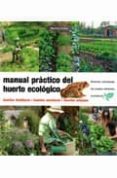 manual practico del huerto ecologico: huertos familiares. huertos urbanos. huertos escolares-mariano bueno bosch-9788493630812 manual practico del huerto ecologico: huertos familiares. huertos urbanos. huertos escolares-mariano bueno bosch-9788493630812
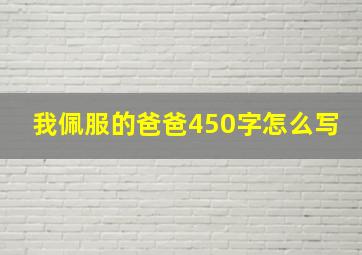 我佩服的爸爸450字怎么写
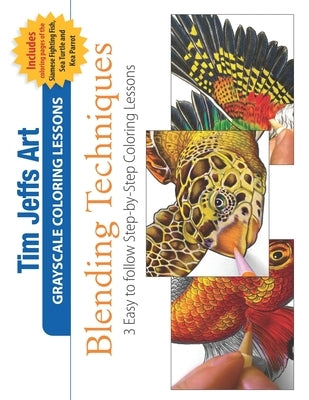 Blending Techniques: 3 Easy to follow Step-by-Step Coloring Lessons by Warren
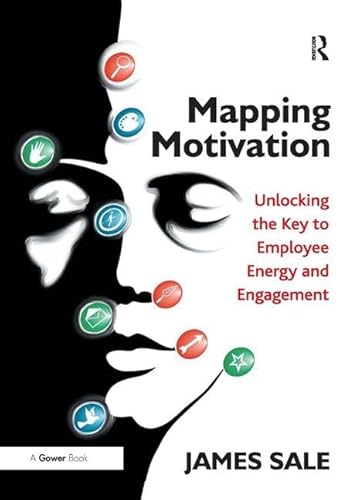 Beispielbild fr Mapping Motivation: Unlocking the Key to Employee Energy and Engagement zum Verkauf von Bahamut Media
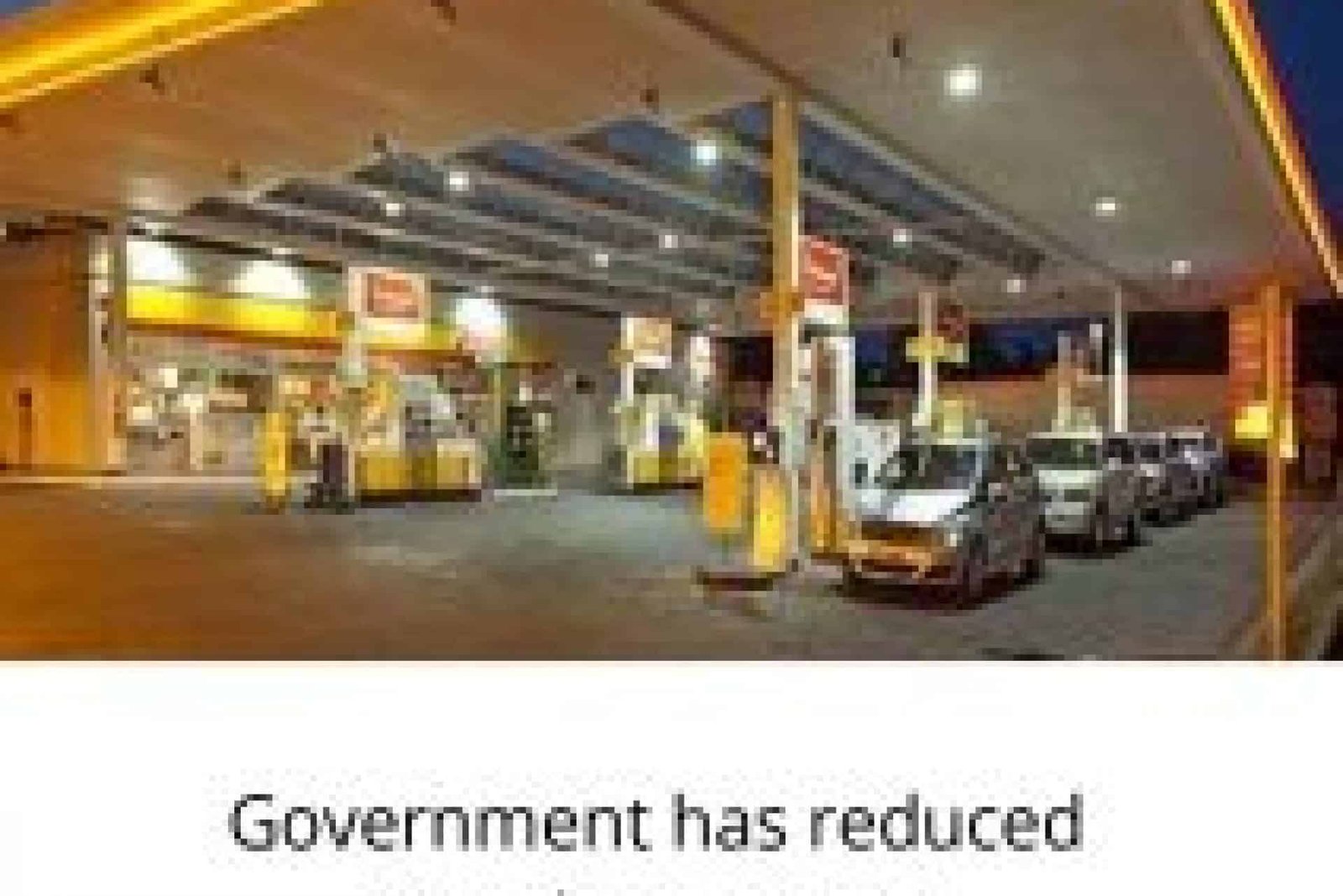 Government has reduced the petroleum prices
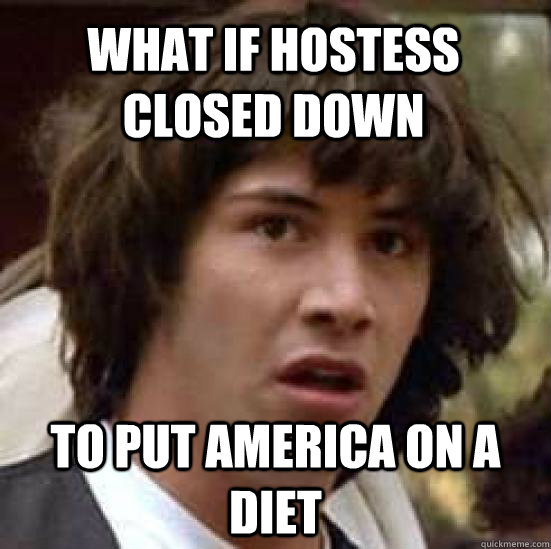 what if hostess closed down to put america on a diet - conspiracy keanu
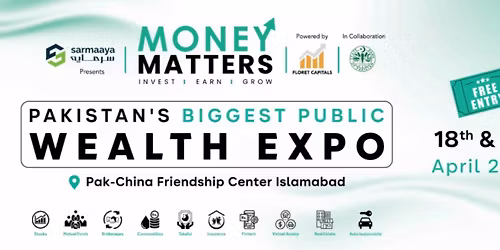 MONEY MATTERS: Wealth Expo Islamabad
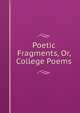 Poetic Fragments, Or, College Poems, 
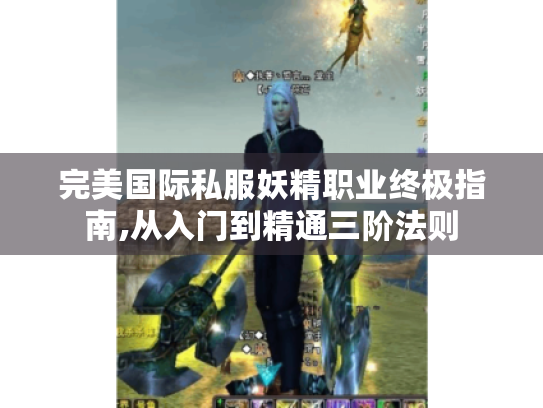 完美国际私服妖精职业终极指南,从入门到精通三阶法则 完美国际私服妖精职业终极指南,从入门到精通三阶法则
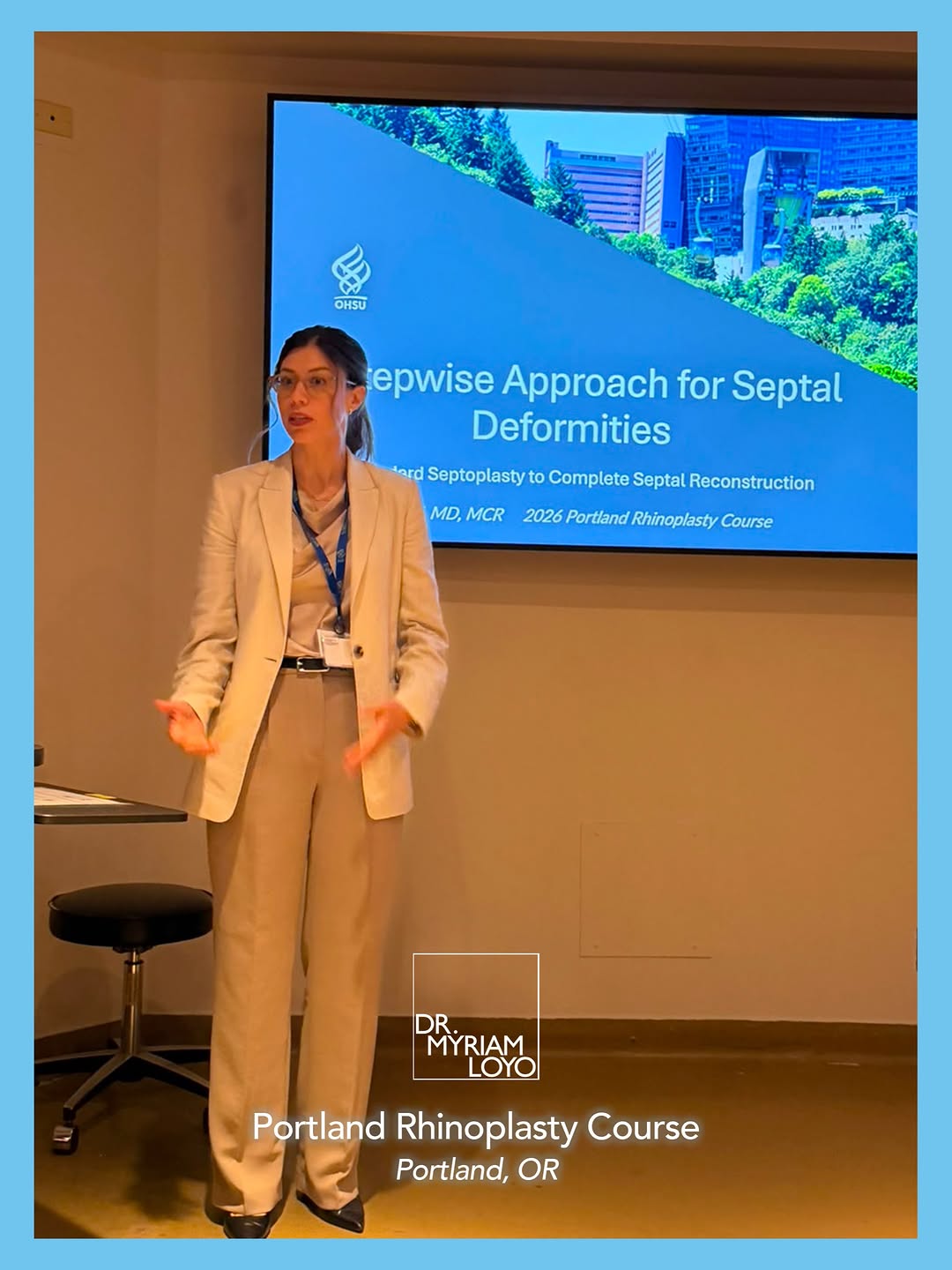Instagram post by Dr. Myriam Loyo: Reflecting back on a fantastic Portland Rhinoplasty Course at the end of July! We had an incredible group of faculty and practicing surgeons…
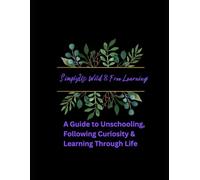 SimplyUs: Wild & Free Learning: A Guide to Unschooling, Following Curiosity & Learning Through Life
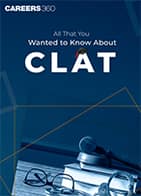 All That You Wanted to Know About CLAT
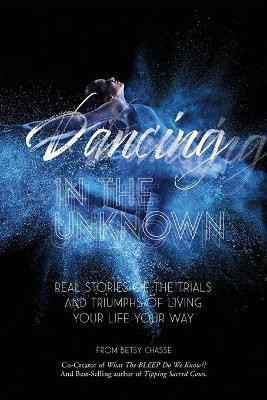 Dancing In The Unknown(English, Paperback, Chasse Betsy)
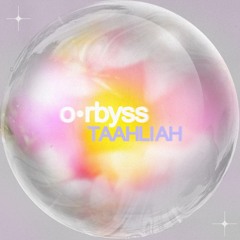 o•rbyss - TAAHLIAH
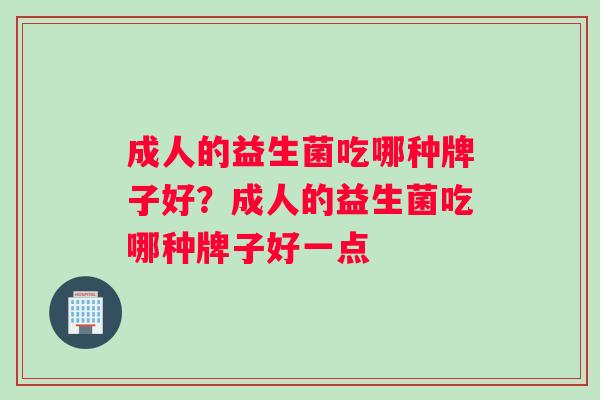 成人的益生菌吃哪种牌子好?成人的益生菌吃哪种牌子好一点 成人的益生菌吃哪种牌子好?成人的益生菌吃哪种牌子好一点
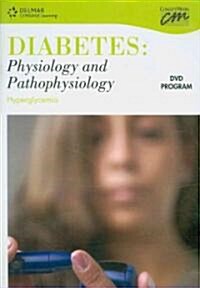 Diabetes: Physiology and Pathophysiology (DVD, 1st)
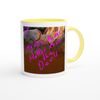 My Fire Burns hotter than the devil - Ceramic Mug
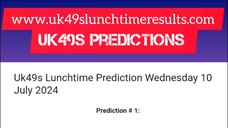 Google search👉 www.uk49slunchtimeresults.com 👈 Uk49s Lunchtime Prediction 10 July 2024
□ □ □ □
### What you will do
The records above are to be restated word for word, with every picture left out.

### Expected answer
 manual practico del huerto ecologico: huertos familiares. huertos urbanos. huertos escolares-mariano bueno bosch-9788493630812 manual practico del huerto ecologico: huertos familiares. huertos urbanos. huertos escolares-mariano bueno bosch-9788493630812
 我佩服的爸爸450字怎么写
 Blending Techniques: 3 Easy to follow Step-by-Step Coloring Lessons by Warren
 Beispielbild fr Mapping Motivation: Unlocking the Key to Employee Energy and Engagement zum Verkauf von Bahamut Media
 Government has reduced the petroleum prices
 what if hostess closed down to put america on a diet - conspiracy keanu
 MONEY MATTERS: Wealth Expo Islamabad
 Poetic Fragments, Or, College Poems, 
 完美国际私服妖精职业终极指南,从入门到精通三阶法则 完美国际私服妖精职业终极指南,从入门到精通三阶法则
Instagram post by Dr. Myriam Loyo: Reflecting back on a fantastic Portland Rhinoplasty Course at the end of July! We had an incredible group of faculty and practicing surgeons…
 SimplyUs: Wild & Free Learning: A Guide to Unschooling, Following Curiosity & Learning Through Life
 All That You Wanted to Know About CLAT
 Dancing In The Unknown(English, Paperback, Chasse Betsy)
 o•rbyss - TAAHLIAH
 成人的益生菌吃哪种牌子好?成人的益生菌吃哪种牌子好一点 成人的益生菌吃哪种牌子好?成人的益生菌吃哪种牌子好一点
 Diabetes: Physiology and Pathophysiology (DVD, 1st)
 My Fire Burns hotter than the devil - Ceramic Mug
 Google search👉 www.uk49slunchtimeresults.com 👈 Uk49s Lunchtime Prediction 10 July 2024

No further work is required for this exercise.